> Dataset excerpt
++++++

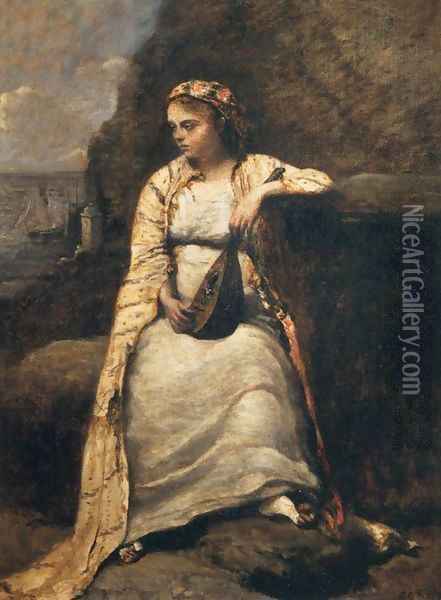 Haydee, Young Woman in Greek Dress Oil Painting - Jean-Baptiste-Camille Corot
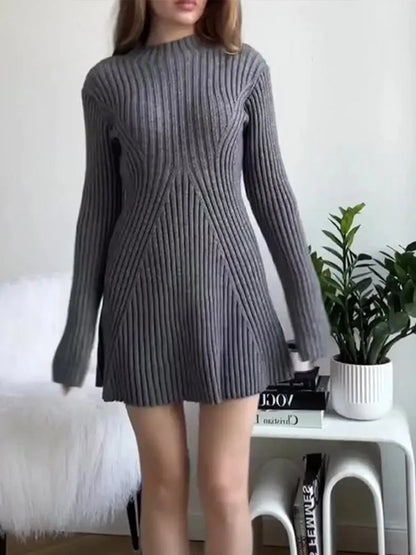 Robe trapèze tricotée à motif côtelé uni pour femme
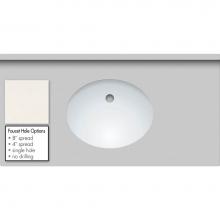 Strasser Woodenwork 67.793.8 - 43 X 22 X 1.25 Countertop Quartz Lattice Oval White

++++++

> Required action
What is needed here is each line above set down word for word, minus the images.

> Response
 Haydee, Young Woman in Greek Dress Oil Painting - Jean-Baptiste-Camille Corot
 Robe trapèze tricotée à motif côtelé uni pour femme
 Strasser Woodenwork 67.793.8 - 43 X 22 X 1.25 Countertop Quartz Lattice Oval White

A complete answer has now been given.